I've never read any of Mark Helprin's work, but I was drawn to his story, "Letters from the Samantha", because it is told in the format of letters from the ship's captain. A story told via letters and taking place on a ship, this should be a nice adventure, I thought. Perfect Sunday reading. I suppose it could be read as just an tale of adventure, but there was most definitely more to it. Stories like this scream to be read in a group and discussed, but it'll give me something to think about over the course of the week.
The story consists of six letters written by Samson Low between August 20, 1909 and September 3, 1909. The reader is told:
"These letters were recovered in good condition from the vault of the sunken Samantha, an iron-hulled sailing ship of one thousand tons, built in Scotland in 1879 and wrecked during the First World War in the Persian Gulf off Basra."

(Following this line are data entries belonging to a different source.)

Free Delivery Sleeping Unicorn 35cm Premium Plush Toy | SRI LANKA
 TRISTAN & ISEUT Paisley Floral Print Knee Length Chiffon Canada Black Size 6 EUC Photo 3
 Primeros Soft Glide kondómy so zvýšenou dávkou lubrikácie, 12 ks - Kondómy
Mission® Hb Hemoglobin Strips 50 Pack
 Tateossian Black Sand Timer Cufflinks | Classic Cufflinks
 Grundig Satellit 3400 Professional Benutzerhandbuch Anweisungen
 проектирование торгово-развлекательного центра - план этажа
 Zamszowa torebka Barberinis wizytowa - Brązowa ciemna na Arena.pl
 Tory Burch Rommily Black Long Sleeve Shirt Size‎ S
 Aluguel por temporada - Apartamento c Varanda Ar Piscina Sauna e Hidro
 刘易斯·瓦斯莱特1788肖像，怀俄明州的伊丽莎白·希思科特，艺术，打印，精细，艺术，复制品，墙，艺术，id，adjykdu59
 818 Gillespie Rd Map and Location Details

Samson Low details his experiences, which began off the coast of Madagascar, and the decisions he makes after surviving a monsoon intact, decisions which he will come to regret. The crew sighted a tornado on land, which quickly veered off to sea. It was exciting for the crew to be so close to such a fierce spectacle of nature. Even Low himself said, "I confess that I have wished to be completely taken up by such a thing, to be lifted into the clouds, arms and legs pinned in the stream". It is feared that the ship will indeed be picked up by the wind, but in the end it will change directions, missing them. When the storm was over, and they were piloting themselves through the mess, they spot a clump of vegetation and "floating upon it was a large monkey, bolt upright and dignified". Impulsively Low offers the end of a boat hook and brings the animal on board. Although he instantly regrets his action, "this creature we have today removed from the sea is like a man".
Spoiler alert from here on out, in case you've not read this yet.
The monkey climbs up to the top of the rigging and stays there. The captain considers throwing him overboard, but he won't come down, as the ship sails farther and farther away from its island. Eventually a raft is designed, and the crew splits into two--one group wanting to send him off in the raft when they get close enough to land, and the rest wishing to shoot him down from the rigging, as the screeching noises the animal makes unnerves the men and terrifies them. Low sides with the group who wishes to cast him afloat, knowing he would have to be the one to shoot the animal and has no desire to do so. Eventually hunger will tempt the animal down, somehow he's much less fearsome, hunched down, walking nearly on all four limbs, half the men's heights and "no more frightening than a hound". He becomes almost docile and a bit of a plaything to the crew who all stroll about with him on deck. As the days pass the novelty of having such an animal in close quarters wears off, as the men are returning home. Two of the crew will remove the manacles from the animal and dump the raft overboard, not wanting to set the ape adrift to what appears to be an inhospitable land. The captain is angered and decides at some point he can just throw the ape overboard. The men's attitudes quickly change. They forget about the ape, who sits listlessly in the heat and "looks like an old man, neutral to the world". The captain thinks only of keeping the crew under control. In the end he strangles the animal and pitches him over the side, "where he quickly sank".
I tried to look for some literary criticism about this story, but I didn't really come up with much online. One reviewer compared Helprin's story to the work of Melville and Conrad, two authors I've not read since high school (and then only shorter works). This makes me think the story must be full of symbolism or perhaps the author is trying to make a point about Empire/colonialism, or at the very least man's guilt and his inhumanity towards others (and I hesitate to just limit it to animals, since over and over the ape is compared to a man). It's rather telling that the story ends thus:
"Some of the crew have begun to talk about him as if he were about to be canonized. Others see him as evil. I assembled them as the coasts began to close on Suez and the top of the sea was white and still. I made my views clear, for in years of command and a life on the sea I have leaned much. I felt confident of what I told them."
"He is not a symbol. He stands neither for innocence nor for evil. There is no parable and no lesson in his coming and going. I was neither right nor wrong in bringing him aboard (though it was indeed incorrect) or in what I later did. We must get on with the ship's business. He does not stand for man. He stands for nothing. He was an ape, simian and lean, half sensible. He came on board, and now he is gone."
I think Samson Low protests too much. Or he's trying to convince himself? Low says it himself, though, when it comes to ship's business, not much else matters. Perhaps that's the biggest truth of the story.